Once you’re organised and have a clearer picture of your budget and what you owe, it’s time to look at your options.
Use your savings to start paying your debts. This can save hundreds of pounds a year in interest charges. Try to keep an emergency fund to avoid having to borrow in future.
Switch credit card debts to a 0% balance transfer credit card so you won’t have to pay interest on the balance for a fixed period. Consider any transfer fee and remember the interest rate will increase after a fixed time.
Make a repayment offer to your creditors. If you’re expecting a lump sum or increased income soon, you can ask your creditors to suspend payments on your account for a set period. This is called a ‘moratorium’.
If they refuse or you have low income, offer to make small monthly payments for a set period. This shows you’re making an effort to pay your debts. If your situation doesn’t improve, ask if your creditor will consider writing off the debt altogether. The Citizens Advice Scotland website has sample letters for creditors.

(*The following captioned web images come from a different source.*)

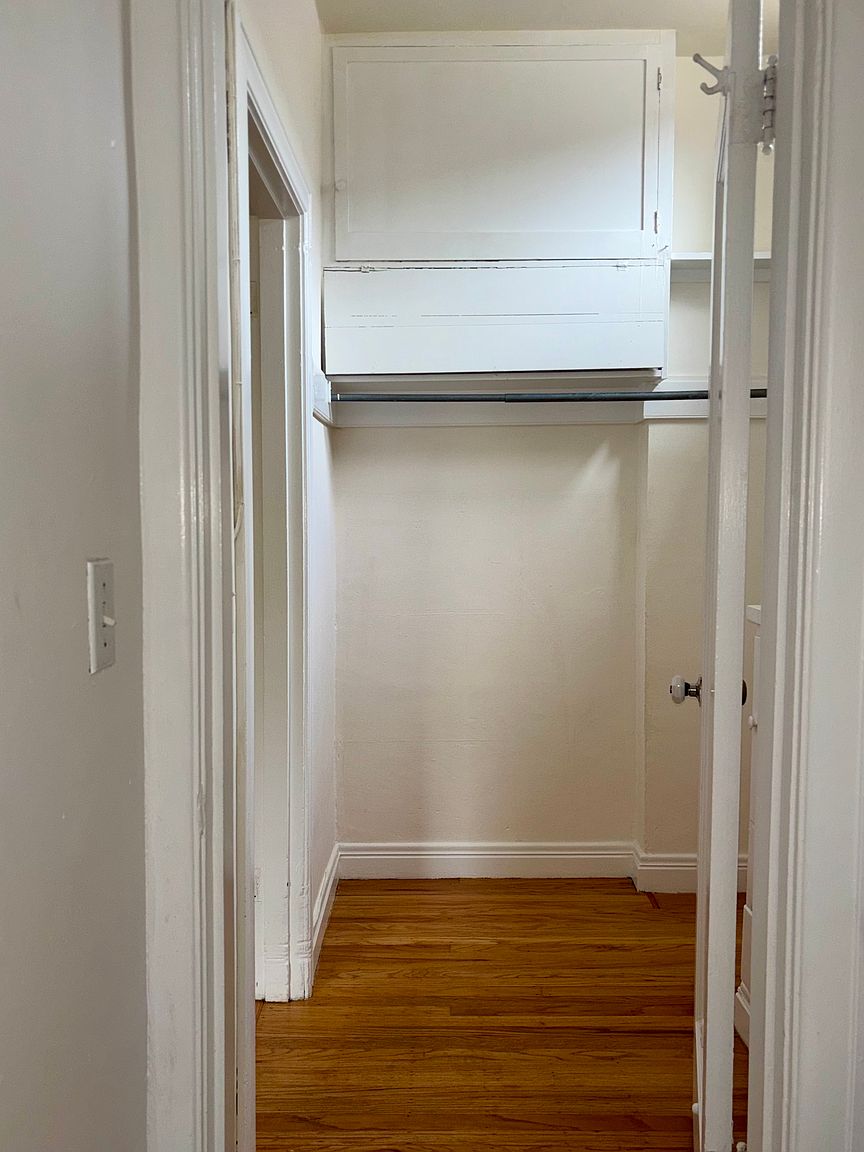 1143 McKinley Ave photo 4
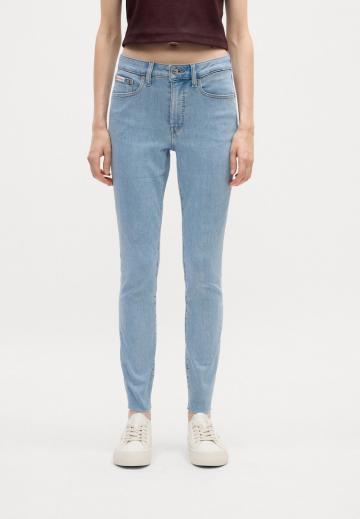 Узкие джинсы
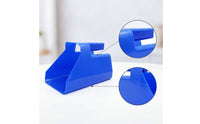 Wide-Mouth Plastic Feed Scoop Easy to Use Livestock Feed Scoop Lightweight Farm Tool Ergonomic for Chicken Coops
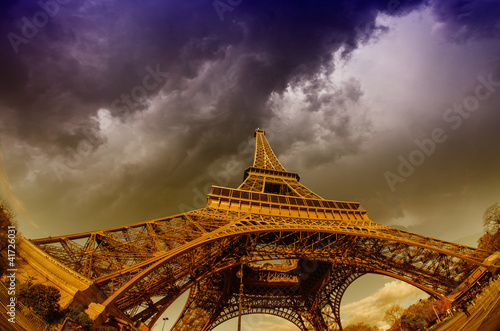 Beautiful photo of the Eiffel tower in Paris with gorgeous sky c © jovannig
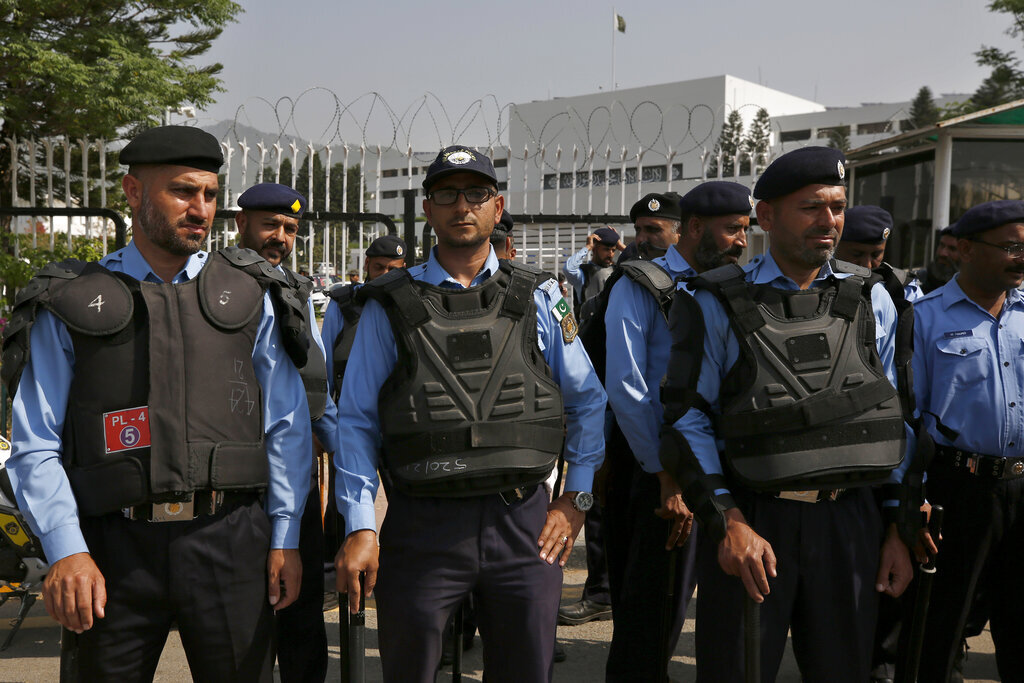 مقتل ضابطين ومتمردين اثنين باشتباكات عنيفة شمال غربي باكستان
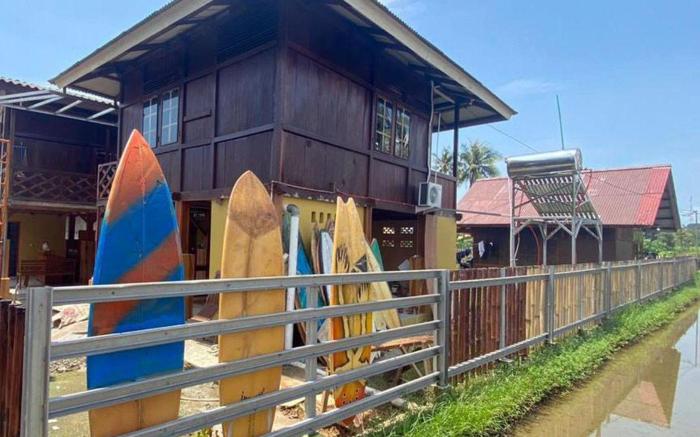 Arya Surf Camp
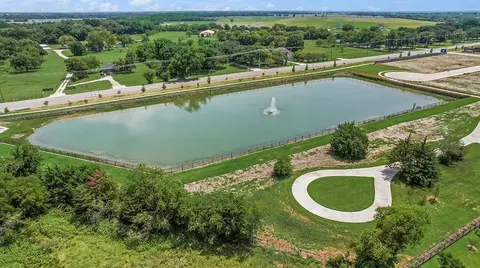View/Area - 4857 Stonebridge Dr, Ennis, TX 75119 photo 9 of 10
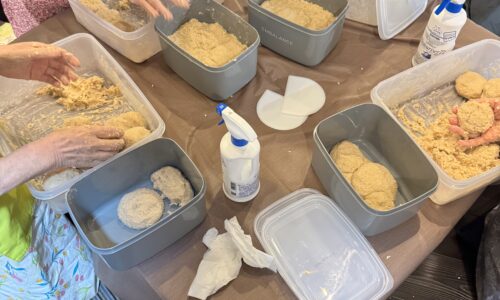 大阪・高槻の味噌作り教室。参加者が5倍麹と大豆を丁寧に手で混ぜ合わせている様子。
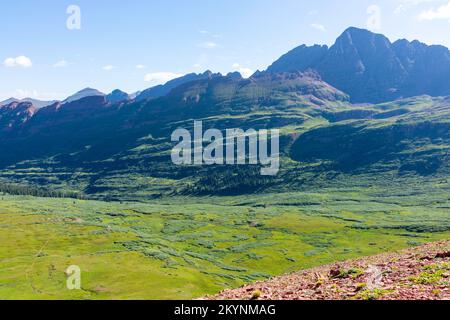 Frigid Air Pass entlang der Four Passes Loop, einem Wanderweg und Rucksackpfad in der Nähe von Aspen und Snowmass, Colorado, USA. Stockfoto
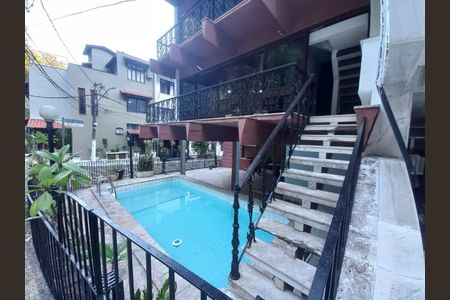 Casa de condomínio à venda com 400m², 6 quartos e 2 vagasFoto 01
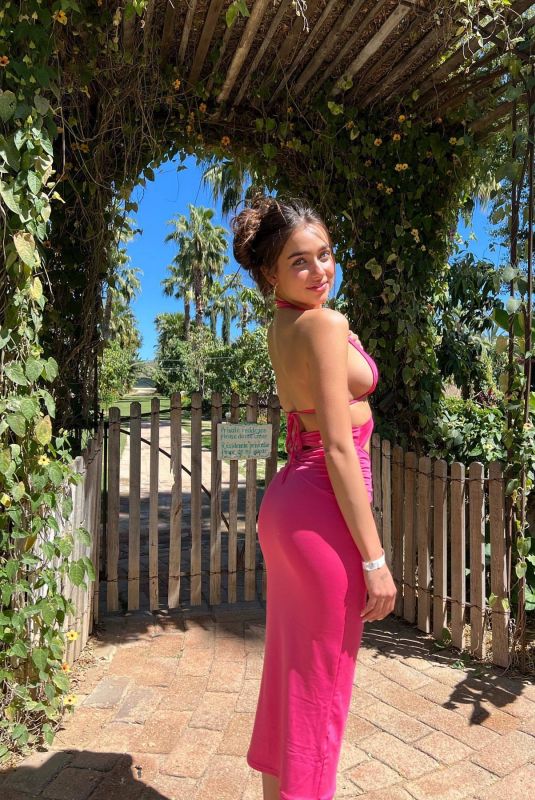 TAYLOR NUNEZ - Instagram Photos 03/15/2022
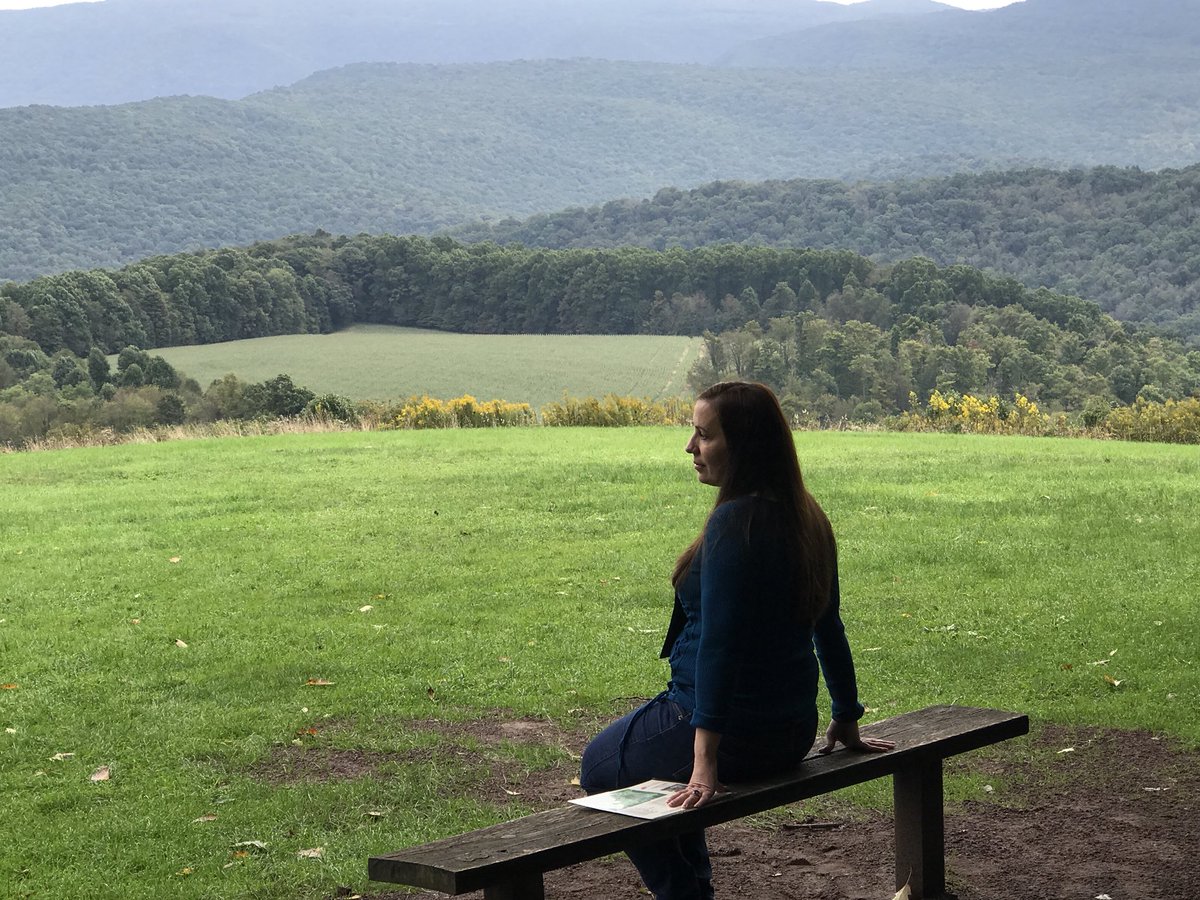 karynlocke's tweet photo. That view @laurelhighlands Kentuck Knob. 😍 my first visit to a Frank Lloyd Wright property and it’s just lovely. #laurelhighlands #matpra2018 #fallinpa https://t.co/yNBMniPhYQ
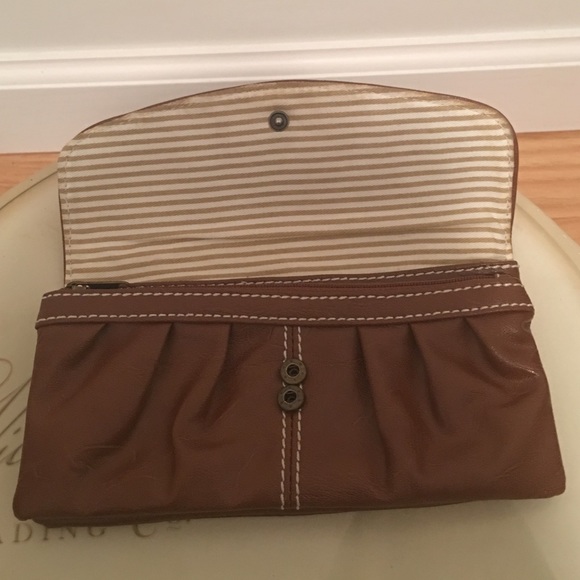 Floral wallet - Picture 3 of 4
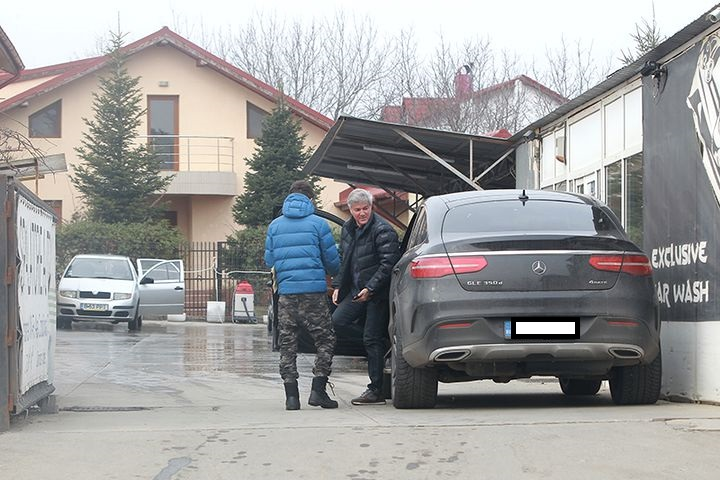 Dan Bittman discută cu băiatul de la spălătorie
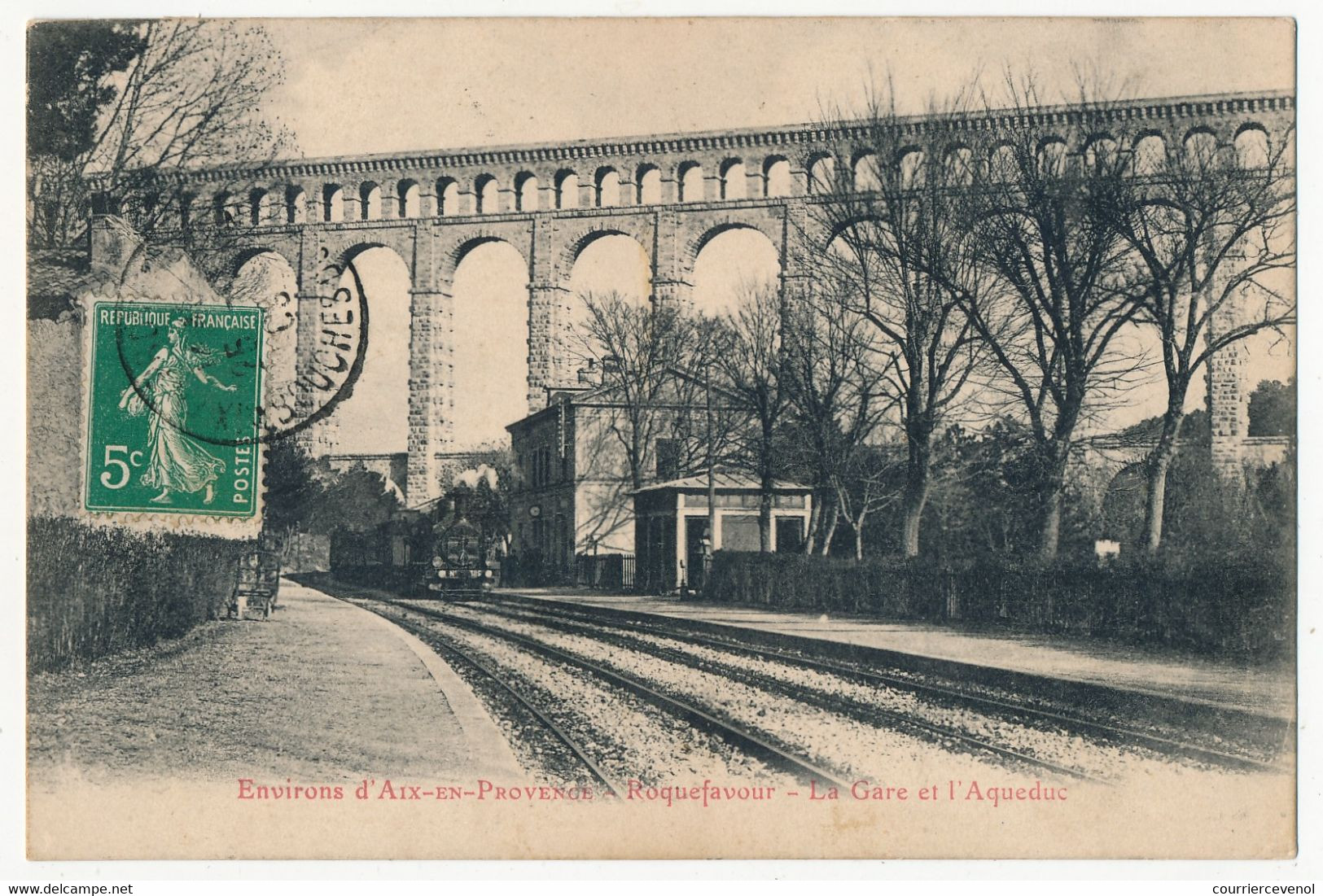 CPA - ROQUEFAVOUR (B Du R) - La Gare Et L'Aqueduc - Roquefavour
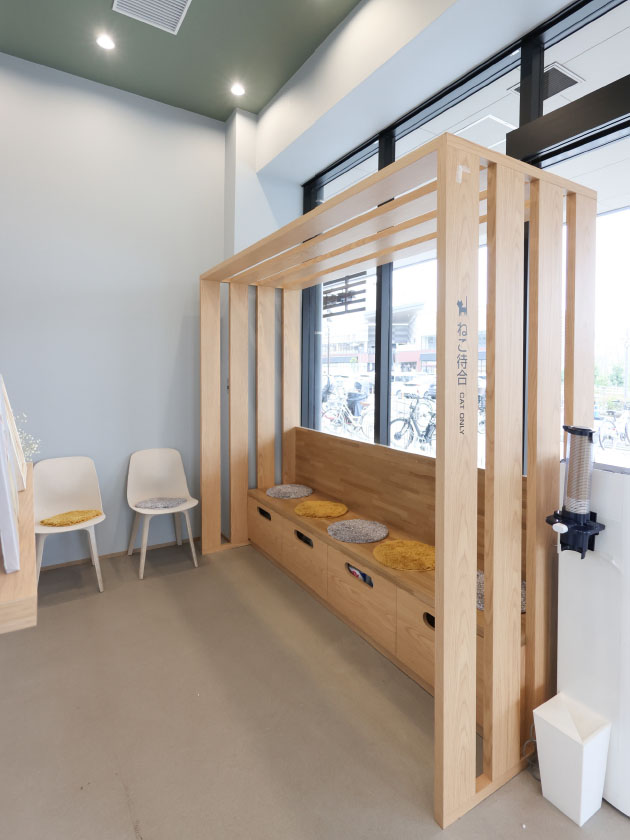 ねこ待合（窓側）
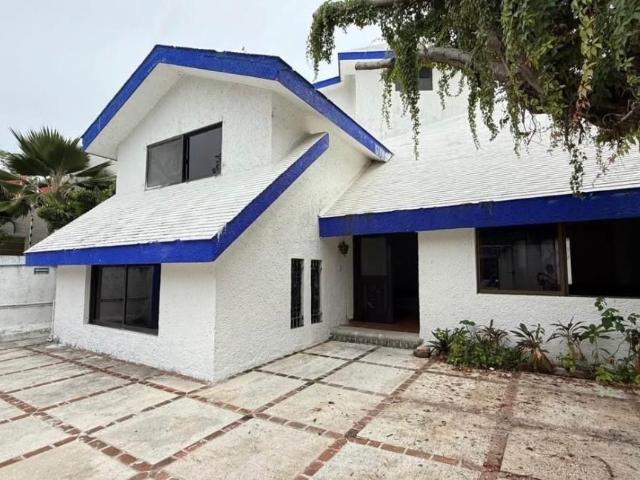 EN RENTA CASA EN SM 2A, AV UXMAL A PASOS DE PUERTO CANCÚN, EN PRIVADA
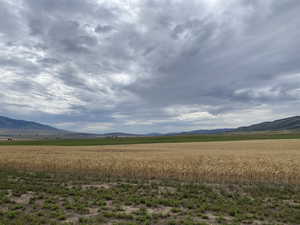 View of mountain feature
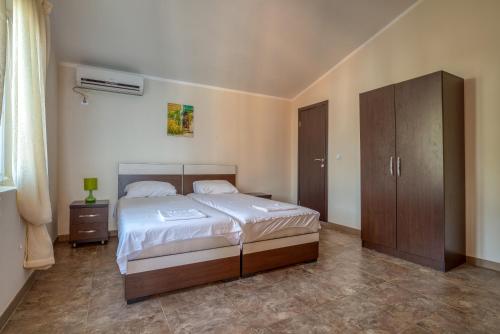 um quarto com uma cama e um armário em Vila Bronhi em Sutomore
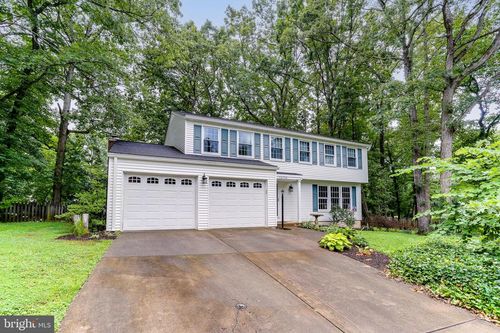 15715 Buck Ln, DUMFRIES, VA, 22025-1826 | Card Image
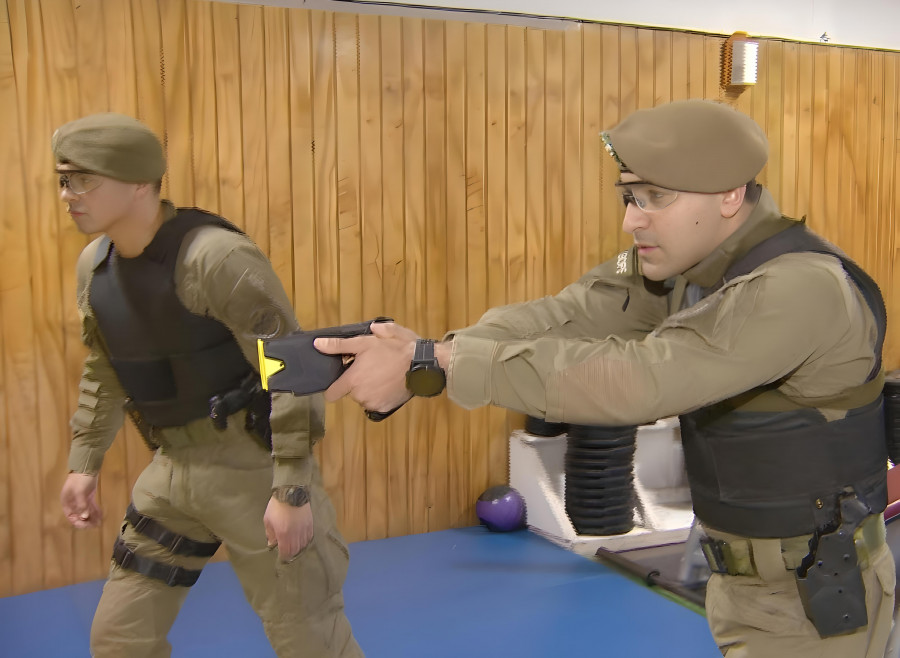 Efectivo del Gope de Carabineros de Chile en una demostración de la pistola Taser X2 Firma Canal 13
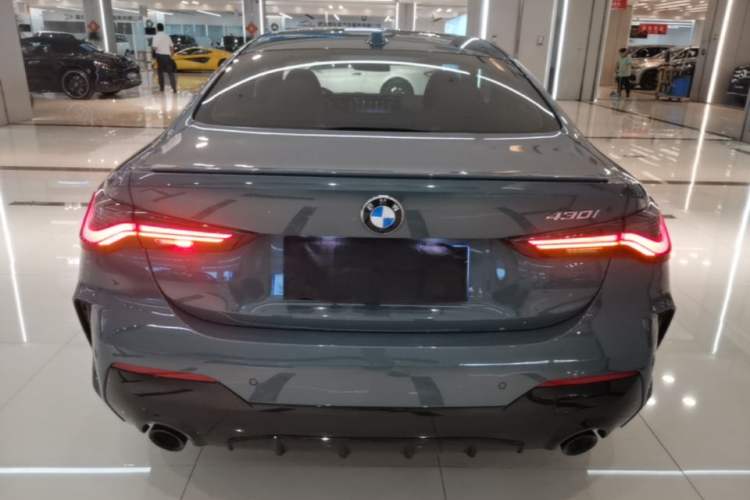Used BMW 4 Series 2024 430i M Sport Night Edition Rear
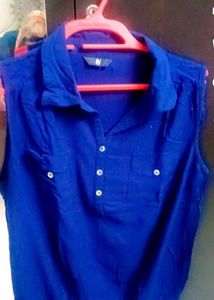Sleeveless  Blue Top,💙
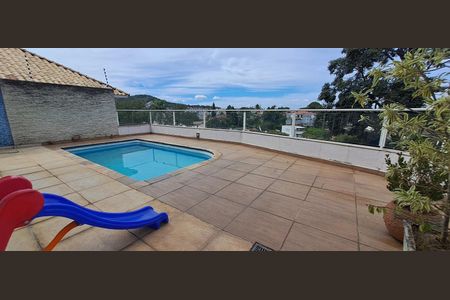 Casa à venda com 380m², 4 quartos e 6 vagas Casa à venda com 380m², 4 quartos e 6 vagasÁrea externa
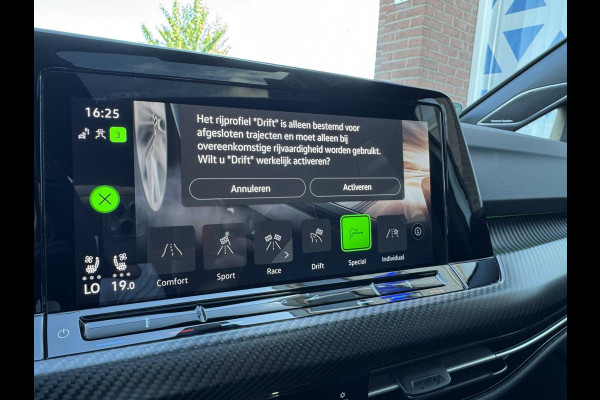 Volkswagen Golf 8 R 333pk 2.0 TSI R 4Motion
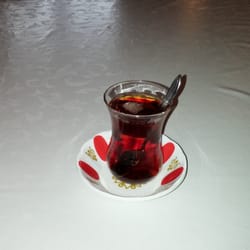 Altes Fischhaus İhtiyar Balıkçı - Und zum Abschluss Schwarzer Tee oder wie wir Türken sagen: Tschei geschrieben wirds so: Çay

If you signed a financial commitment you didn’t understand, you may be able to get your debts written off. This is rare, but if you didn’t have the mental capacity to understand the contract you signed, you may be able to get it cancelled. This might be because you have a mental illness, dementia or learning disability. Get help from an advice agency or Mind.
Equity release is a way older homeowners can release a capital sum from their home without having to move. Give equity release careful thought and always seek independent financial advice before making a decision as your home could be at risk.